- Regarde comme c’est beau, tu trouves aussi ?
- Bof… !
- Comment ça bof ? Moi, je dis que c’est beau, même très beau. Tu ne vas pas me dire le contraire…
- Tu peux penser ce que tu veux, mais ce n’est pas parce que tu décrètes une chose que cela entraîne l’adhésion des autres.
- Tu sais quoi ?
- Non…
- As-tu une idée de quoi nous parlons là, au-delà du vase qui vient de m’être livré ?
- Je ne vois pas de quoi d’autre il est question ici…
- Je te parle de ta difficulté à aimer ce que j’aime.
- Et nous y revoilà ! Toujours à tout ramener à toi. Tu sais bien que je ne conteste pas le fait que tu aimes ce vase, sinon pourquoi l’aurais-tu commandé ? J’ajouterais même que tu peux l’apprécier autant que tu veux, c’est ta liberté et ton droit. Par contre, j’aimerais que tu m’accordes la même liberté d’avoir une autre opinion que la tienne.
- En fait, ce que tu es en train de me dire c’est qu’on n’a pas le même goût, au moins c’est clair.
- A propos de cet objet, ici et maintenant, oui. Et cela me fait plutôt plaisir que tu l’admettes…
- Je l’admets, je l’admets…, tout dépend…, en fait je dirais que ce que toi, tu vois, ce n’est pas exactement ce qui m’apparaît à moi.
- Je m’attendais à ce que tu me sortes un tel argument, et je peux d’autant plus le retourner, en te disant que ce que nous voyons tous les deux n’est en fait qu’un construit, à partir du point de vue de chacun.
- Je ne suis pas tout à fait d’accord, le vase posé là devant nous est bien réel, nous ne l’inventons pas, rassure-moi.
- En effet, sa présence est bien réelle, mais ce qui apparaît, ce qui se donne à voir, vient de lui-même. Du moins si nous nous plaçons dans une perspective phénoménologique.
- Dans ce cas, le vase pourrait contredire ce que notre regard projette sur lui…
- Exactement, nous n’avons pas fini de le découvrir, c’est-à-dire de le laisser se dévoiler à partir de lui-même.

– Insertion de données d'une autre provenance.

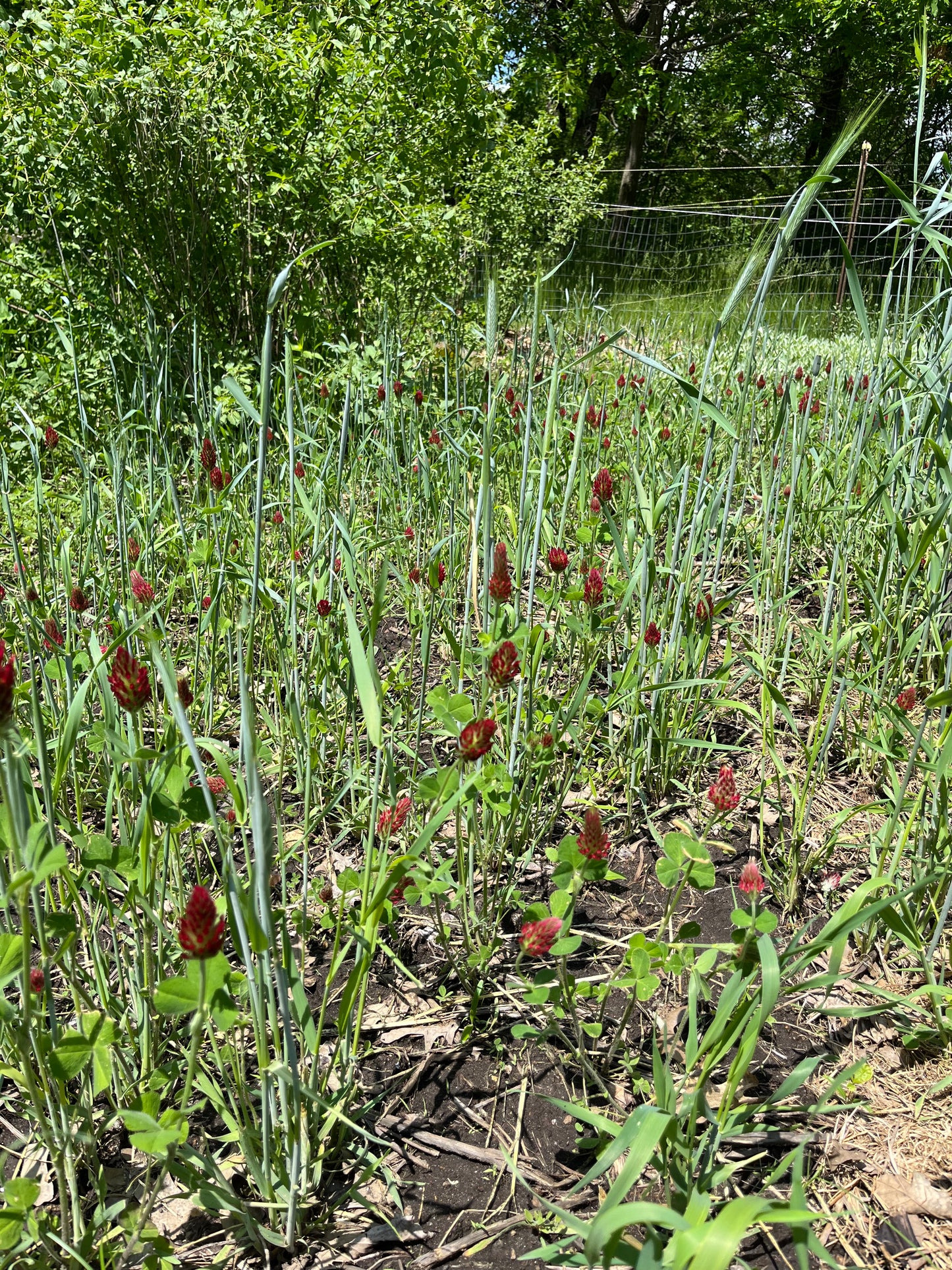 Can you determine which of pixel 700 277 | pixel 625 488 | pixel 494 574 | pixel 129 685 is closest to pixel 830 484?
pixel 625 488

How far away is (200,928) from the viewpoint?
760 mm

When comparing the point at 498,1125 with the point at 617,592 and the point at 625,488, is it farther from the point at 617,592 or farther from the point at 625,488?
the point at 625,488

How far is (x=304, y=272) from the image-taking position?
3703 millimetres

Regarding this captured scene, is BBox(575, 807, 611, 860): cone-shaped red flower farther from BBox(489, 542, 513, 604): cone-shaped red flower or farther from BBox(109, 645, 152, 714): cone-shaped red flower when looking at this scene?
BBox(109, 645, 152, 714): cone-shaped red flower

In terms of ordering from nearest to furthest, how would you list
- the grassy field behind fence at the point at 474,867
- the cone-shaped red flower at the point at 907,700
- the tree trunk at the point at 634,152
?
1. the grassy field behind fence at the point at 474,867
2. the cone-shaped red flower at the point at 907,700
3. the tree trunk at the point at 634,152

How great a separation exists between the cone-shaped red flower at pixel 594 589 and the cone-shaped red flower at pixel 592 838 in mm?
582

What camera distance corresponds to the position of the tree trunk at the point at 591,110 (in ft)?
50.4

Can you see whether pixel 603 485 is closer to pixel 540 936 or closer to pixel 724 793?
pixel 724 793

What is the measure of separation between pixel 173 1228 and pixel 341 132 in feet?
11.9

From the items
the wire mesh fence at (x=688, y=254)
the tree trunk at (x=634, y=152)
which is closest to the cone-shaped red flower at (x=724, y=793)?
the wire mesh fence at (x=688, y=254)

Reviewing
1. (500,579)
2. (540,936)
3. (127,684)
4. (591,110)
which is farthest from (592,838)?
(591,110)

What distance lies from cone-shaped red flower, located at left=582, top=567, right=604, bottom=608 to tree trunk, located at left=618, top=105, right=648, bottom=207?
14665mm

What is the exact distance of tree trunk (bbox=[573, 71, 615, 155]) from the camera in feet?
50.4

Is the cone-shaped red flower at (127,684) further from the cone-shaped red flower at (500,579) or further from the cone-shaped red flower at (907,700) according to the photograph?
the cone-shaped red flower at (907,700) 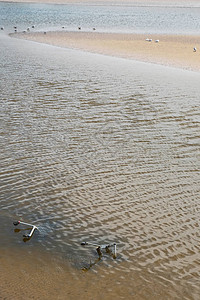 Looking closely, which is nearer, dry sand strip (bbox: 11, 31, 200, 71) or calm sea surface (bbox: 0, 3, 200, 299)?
calm sea surface (bbox: 0, 3, 200, 299)

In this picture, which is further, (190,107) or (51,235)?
(190,107)

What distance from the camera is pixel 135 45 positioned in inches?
1014

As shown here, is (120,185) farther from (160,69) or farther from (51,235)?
(160,69)

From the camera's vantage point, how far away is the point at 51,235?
634 centimetres

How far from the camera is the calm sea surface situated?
19.3 feet

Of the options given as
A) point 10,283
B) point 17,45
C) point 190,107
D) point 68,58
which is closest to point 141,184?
point 10,283

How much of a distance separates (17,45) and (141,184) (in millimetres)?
19305

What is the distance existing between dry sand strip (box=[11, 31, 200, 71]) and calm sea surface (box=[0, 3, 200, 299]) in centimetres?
590

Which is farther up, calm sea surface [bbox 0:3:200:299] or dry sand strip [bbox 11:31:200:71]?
dry sand strip [bbox 11:31:200:71]

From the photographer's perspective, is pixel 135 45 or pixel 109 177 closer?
pixel 109 177

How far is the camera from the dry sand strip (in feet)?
71.4

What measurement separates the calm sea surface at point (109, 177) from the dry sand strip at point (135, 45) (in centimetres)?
590

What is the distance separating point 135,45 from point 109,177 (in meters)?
19.0

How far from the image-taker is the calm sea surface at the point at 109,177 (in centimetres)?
588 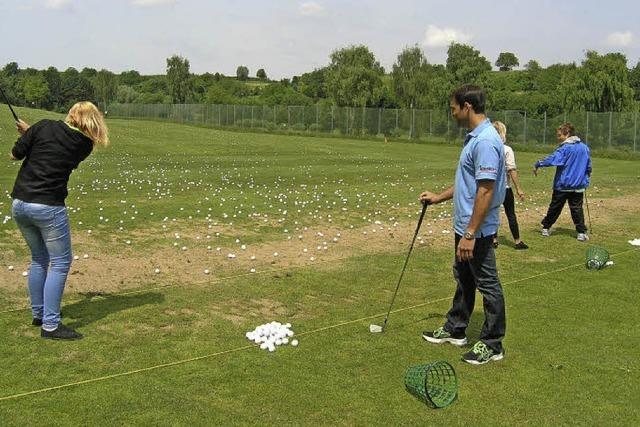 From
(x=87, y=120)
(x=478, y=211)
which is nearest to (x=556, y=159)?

- Tu veux dire que nous sommes dans l’impossibilité de prévoir…
- Oui, en effet, la difficulté de voir, d’une manière générale, c’est qu’on n’accepte pas d’être précédé par la visibilité de ce qu’on croit tenir à l’œil.
- Alors, es-tu d’accord que l’on laisse reposer le vase pour aujourd’hui et revenir le revoir un autre moment ?
- Excellente idée.
NB : ce dialogue imaginaire est inspiré du livre du philosophe Jean-Luc Marion intitulé Ce que nous voyons et ce qui apparaît, éditions Ina, 2015, que j’ai déjà eu l’occasion de citer ici-même et sur fb.